__WHAT TO WORK ON__. Skip the images and restate every line of the records exactly.

---------- THE RECORDS ----------

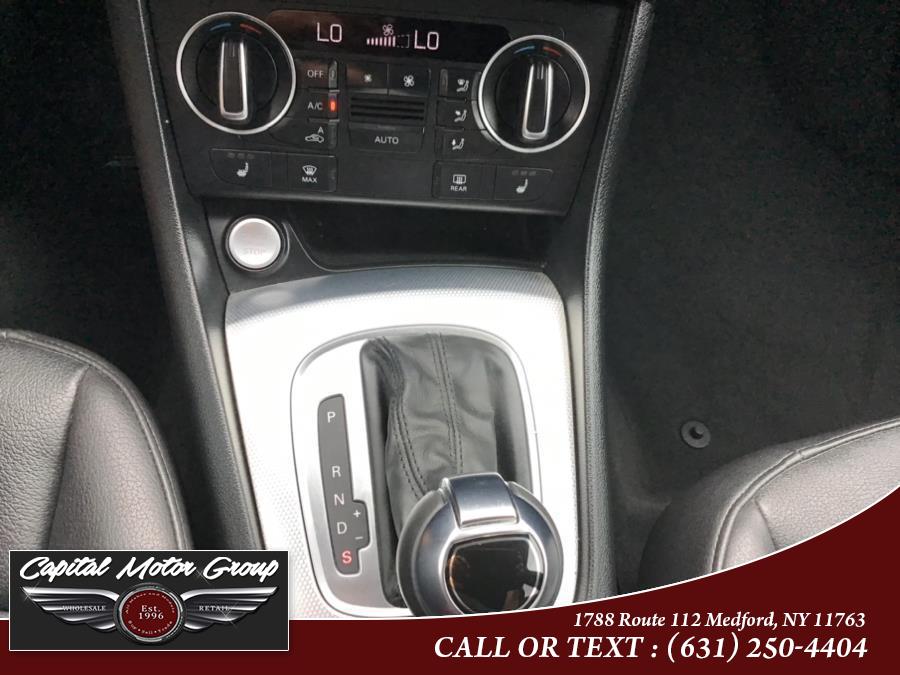 2016 Audi Q3 quattro 4dr Premium Plus, available for sale in Medford, New York | Capital Motor Group Inc. Medford, New York 2016 Audi Q3 quattro 4dr Premium Plus, available for sale in Medford, New York | Capital Motor Group Inc. Medford, New York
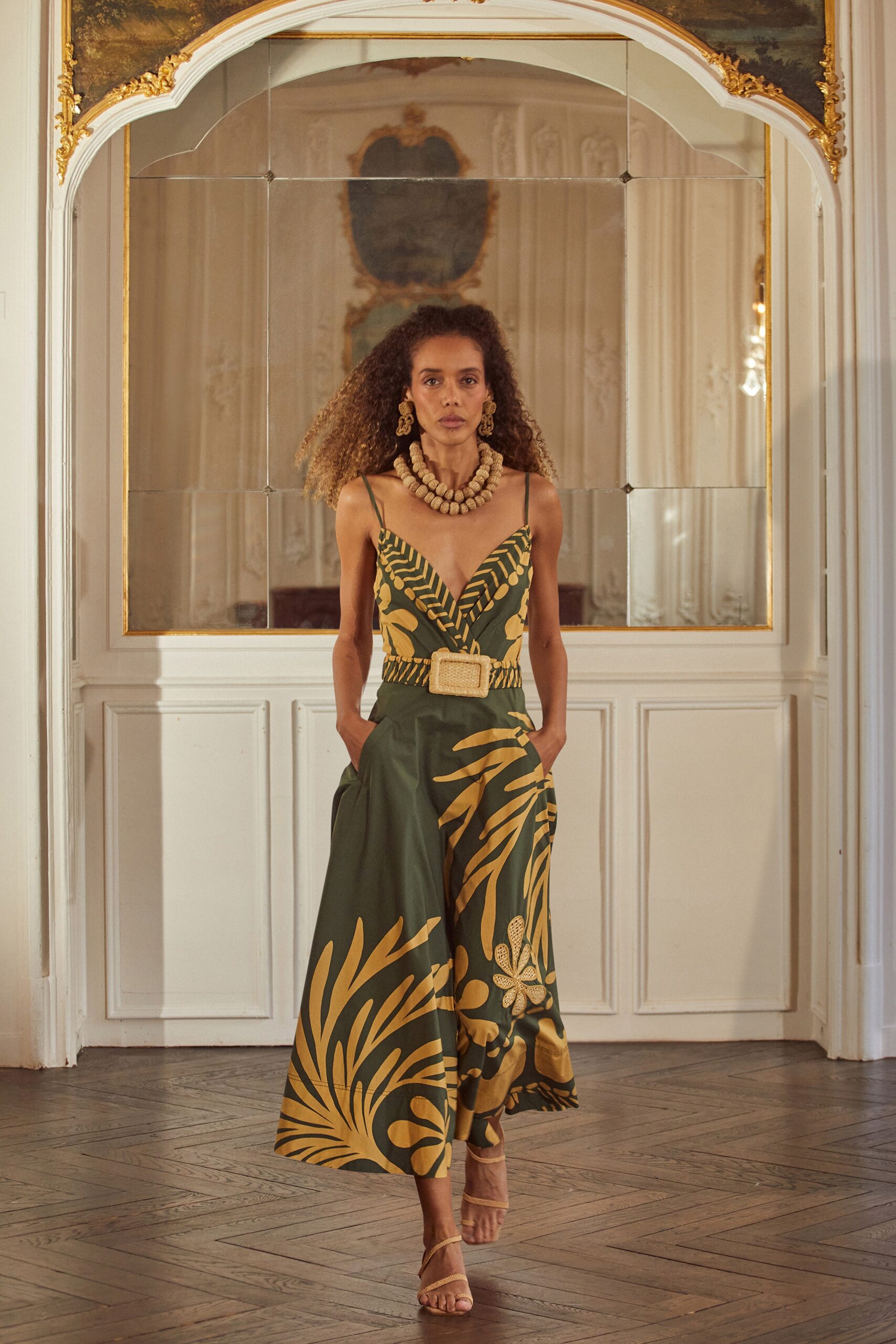 Johanna Ortiz S/S 22 Look 12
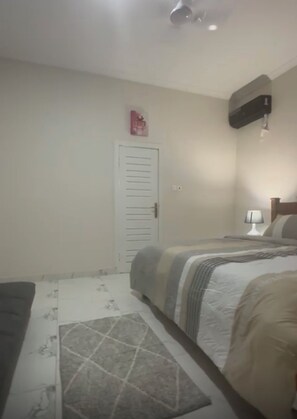 4 slaapkamers, wifi, beddengoed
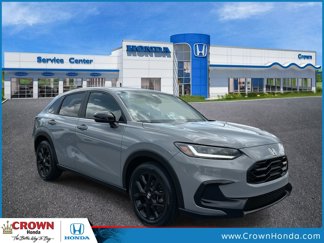 Certified 2023 Honda HR-V Sport image 1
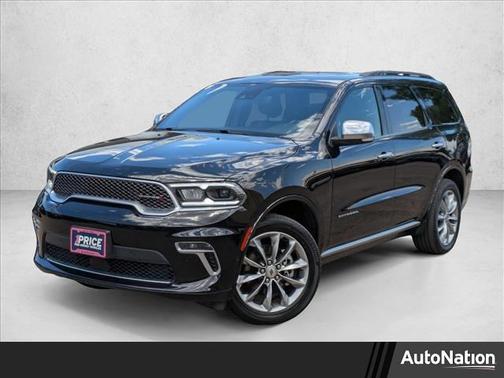 2022 Dodge Durango Citadel AWD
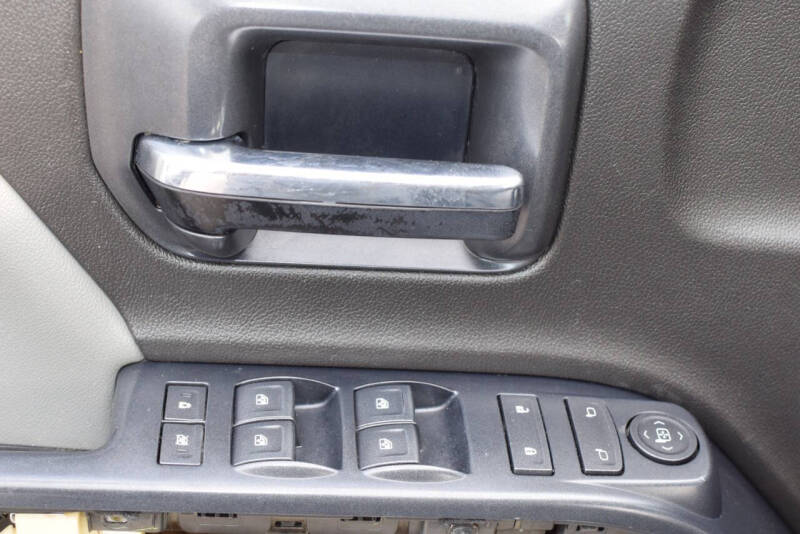 2018 Chevrolet Silverado 1500 Work Truck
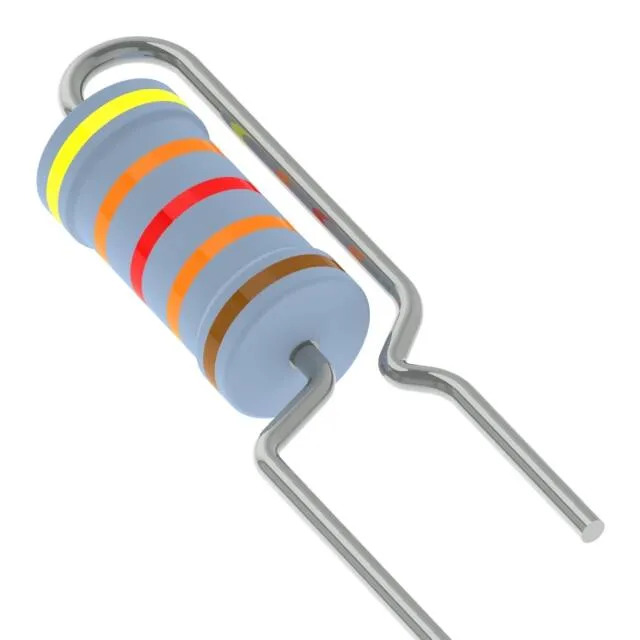 MFR-25FRFPN432K (RES MF 1/4W 1% AXIAL)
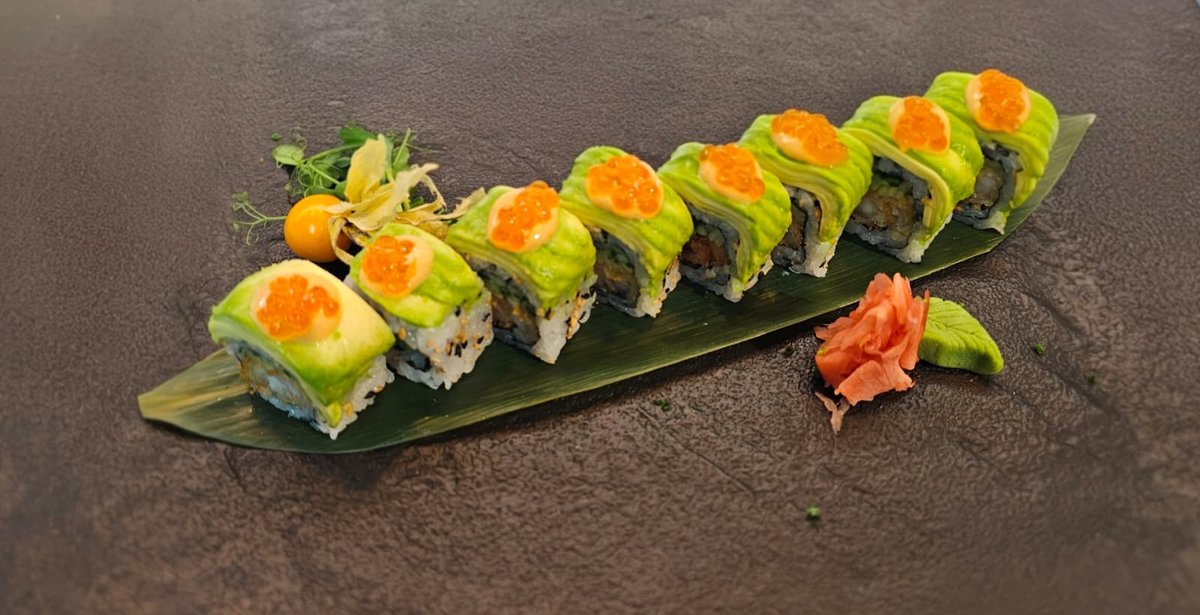 Sakanaさん　つぼ Sakana Sushi Take Away | Wolt | Livrare | Bucureşti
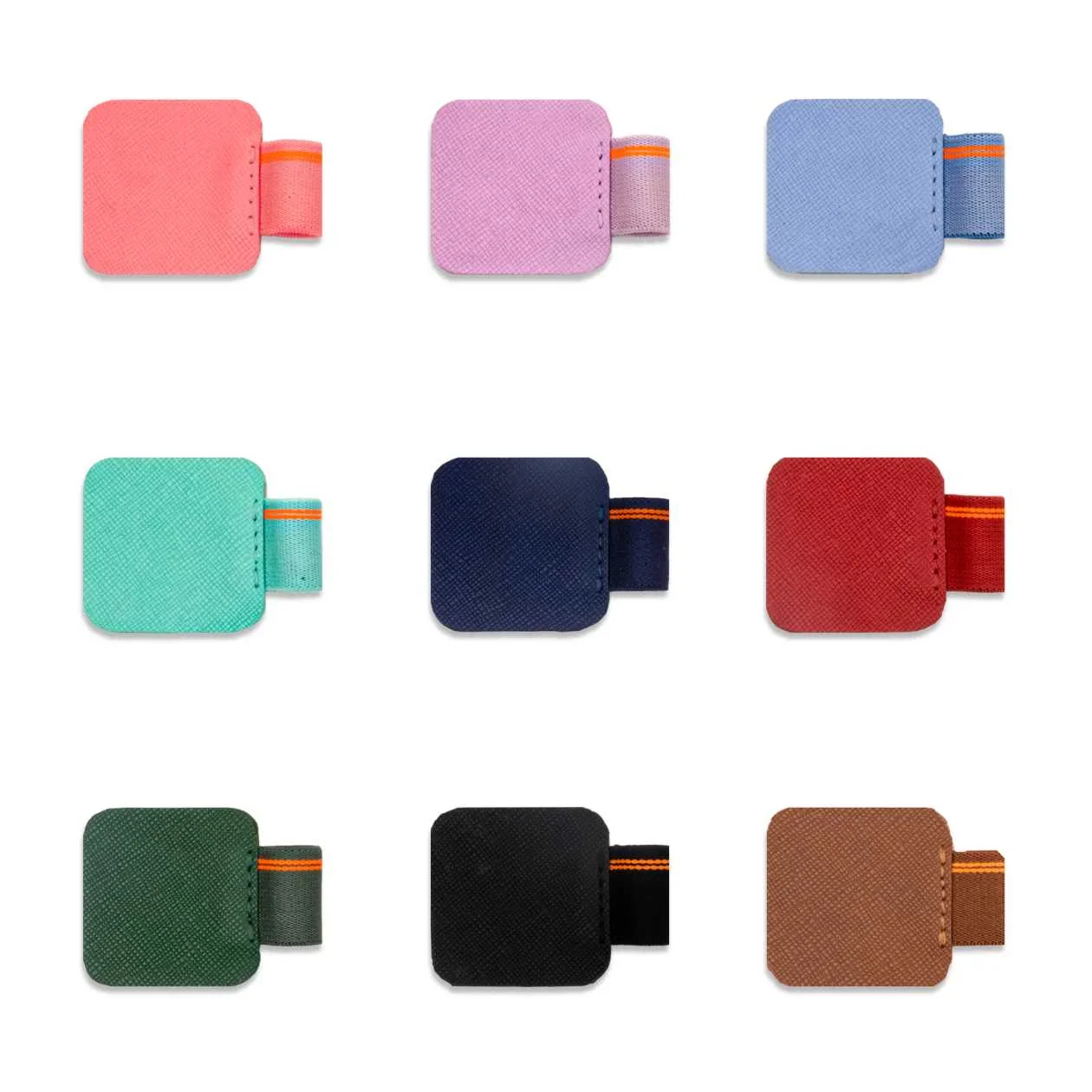 PEN LOOP - SAFFIANO CROSS HATCH - Image 27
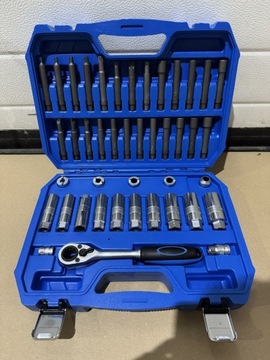 Набір ключів для амортизаторів 43 шт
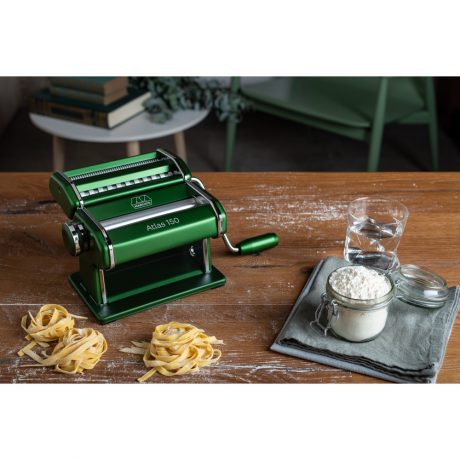 MARCATO - MACHINE A PATES MANUELLE ATLAS - VERT – Image 4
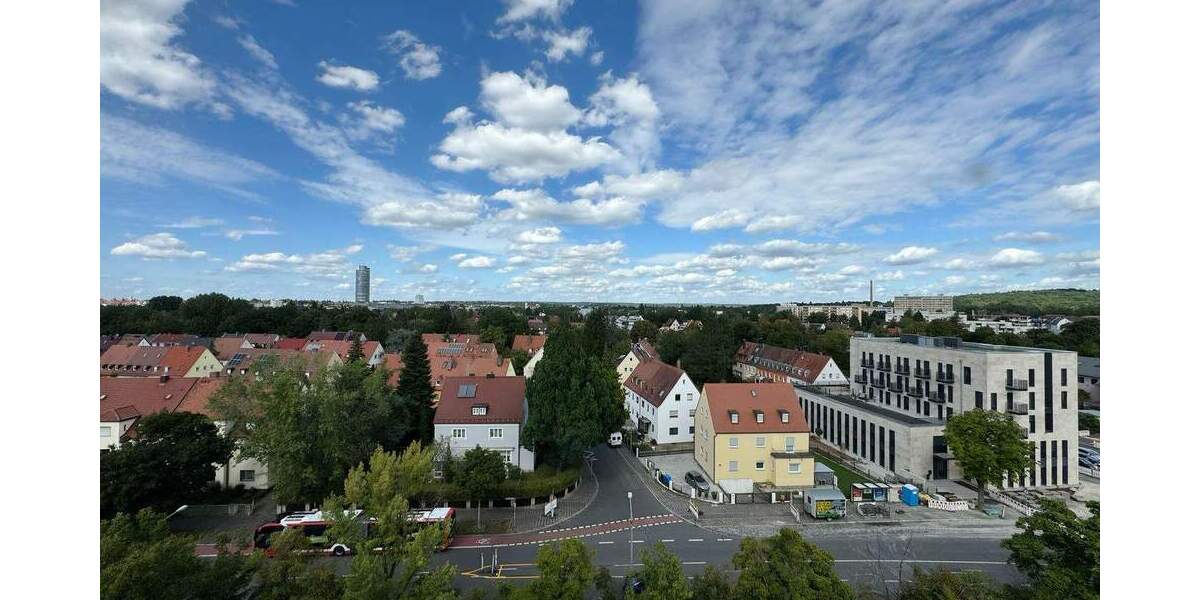 Etagenwohnung Nürnberg Zerzabelshof - 3 Zimmer, 79 m&sup2;, 250.000&euro; | Angebot:25666702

----------

__EXPECTED ANSWER__.
 2016 Audi Q3 quattro 4dr Premium Plus, available for sale in Medford, New York | Capital Motor Group Inc. Medford, New York 2016 Audi Q3 quattro 4dr Premium Plus, available for sale in Medford, New York | Capital Motor Group Inc. Medford, New York
 Johanna Ortiz S/S 22 Look 12
 4 slaapkamers, wifi, beddengoed
 Certified 2023 Honda HR-V Sport image 1
 2022 Dodge Durango Citadel AWD
 2018 Chevrolet Silverado 1500 Work Truck
 MFR-25FRFPN432K (RES MF 1/4W 1% AXIAL)
 Sakanaさん　つぼ Sakana Sushi Take Away | Wolt | Livrare | Bucureşti
 PEN LOOP - SAFFIANO CROSS HATCH - Image 27
 Набір ключів для амортизаторів 43 шт
 MARCATO - MACHINE A PATES MANUELLE ATLAS - VERT – Image 4
 Etagenwohnung Nürnberg Zerzabelshof - 3 Zimmer, 79 m&sup2;, 250.000&euro; | Angebot:25666702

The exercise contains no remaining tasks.